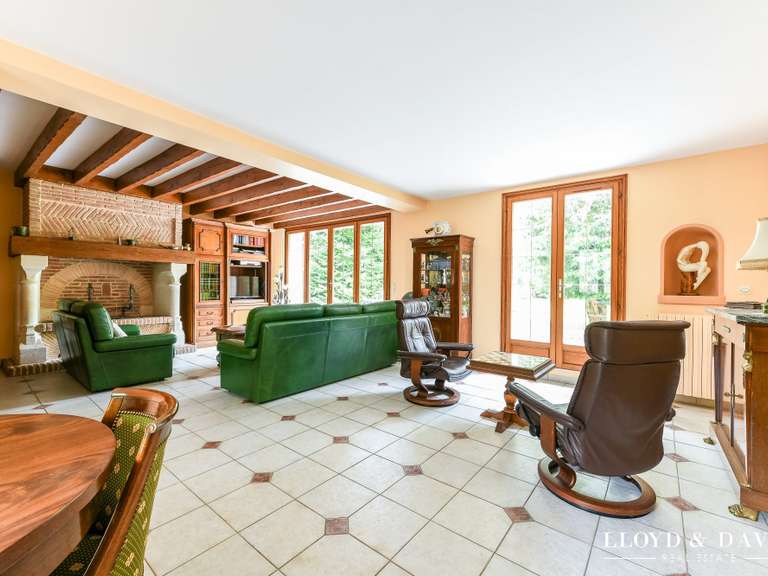 Maison Saint-Maurice-Montcouronne - 9 chambres - 310m²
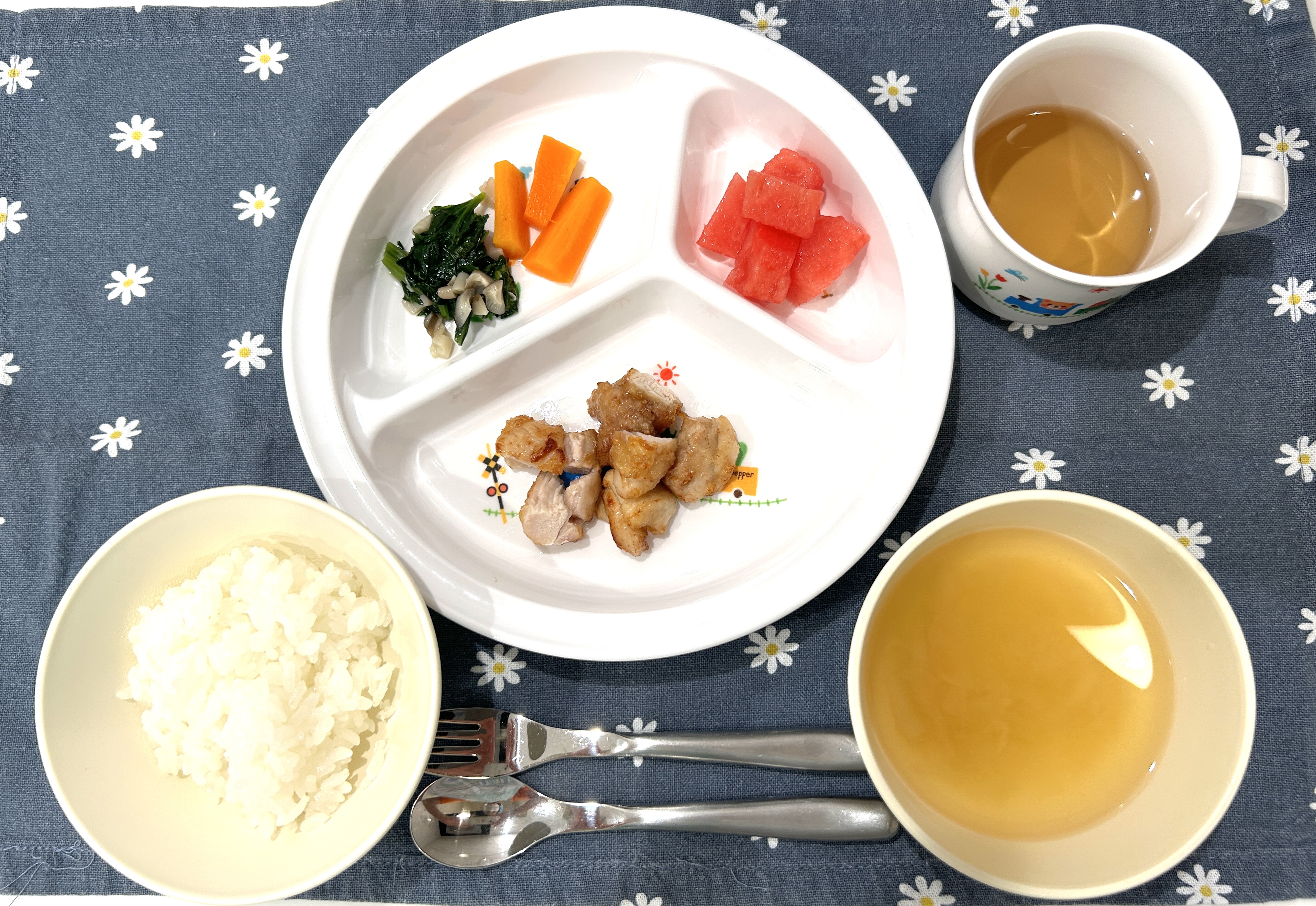 8月25日(金)の給食・おやつ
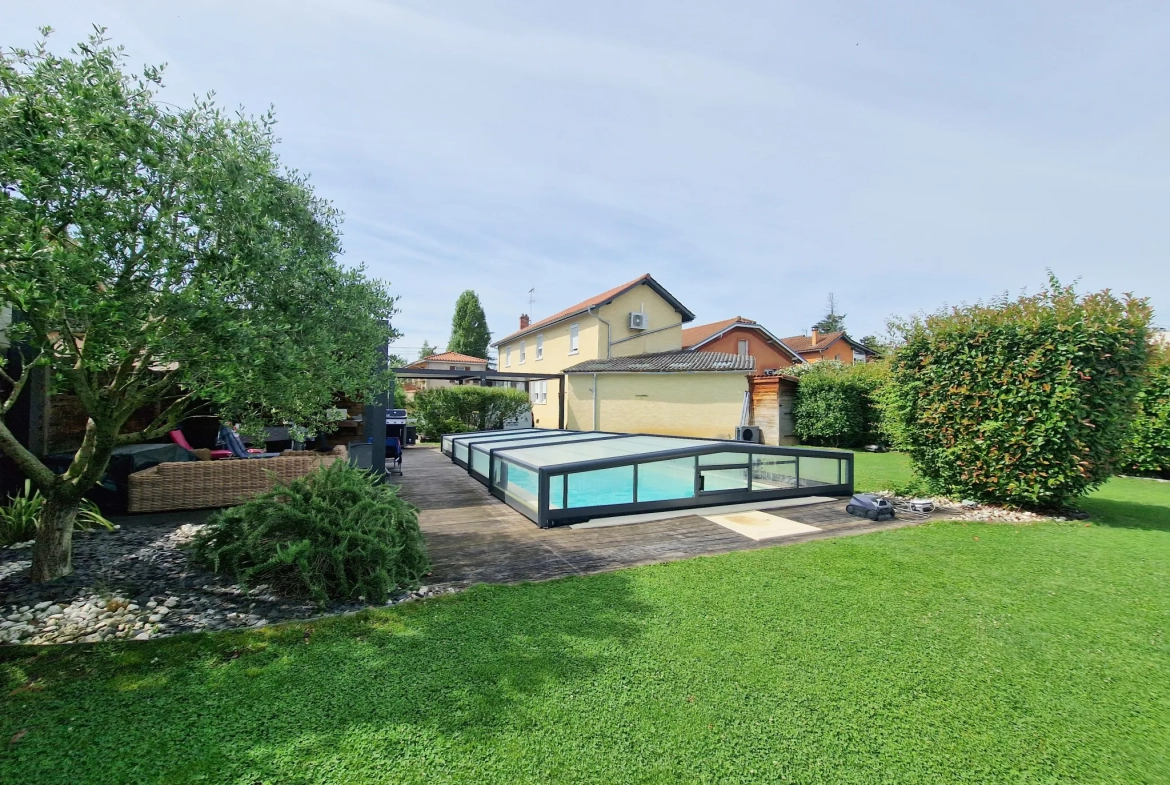 Maison à vendre en vente à terme à Villefranche-sur-Saône avec jardin et piscine 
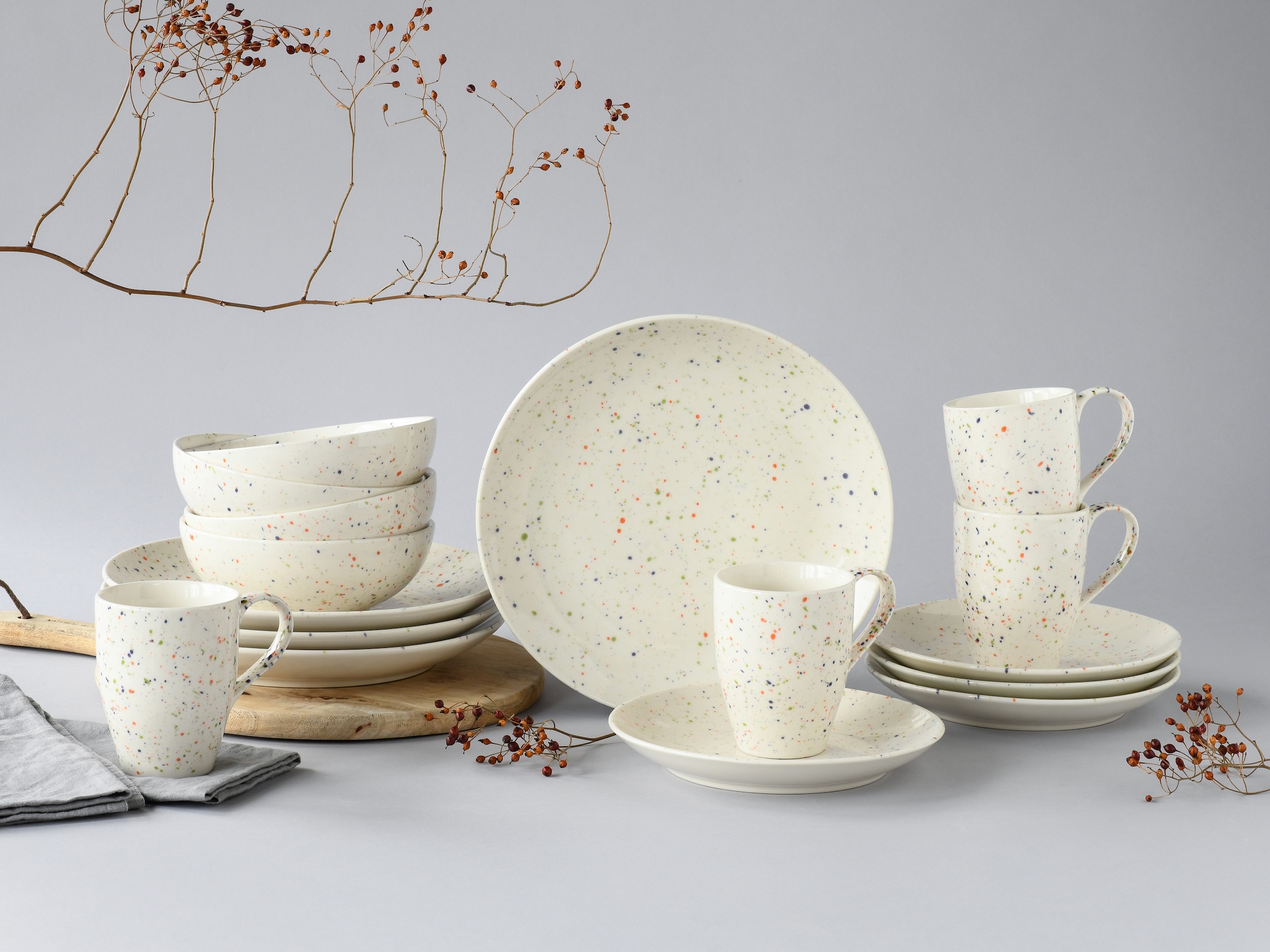 CreaTable Kombiservice »Confetti, Kombi-Service 16-tlg.«, (Set, 16 tlg.), Unregelmäßige bunte Punkte, Gute Laune Geschirr, Frisch, Freundlich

> **EXERCISE AIM**
Leaving out only the pictures, return the material above unchanged.

> **WRITTEN ANSWER**
 Maison Saint-Maurice-Montcouronne - 9 chambres - 310m²
 8月25日(金)の給食・おやつ
 Maison à vendre en vente à terme à Villefranche-sur-Saône avec jardin et piscine 
 CreaTable Kombiservice »Confetti, Kombi-Service 16-tlg.«, (Set, 16 tlg.), Unregelmäßige bunte Punkte, Gute Laune Geschirr, Frisch, Freundlich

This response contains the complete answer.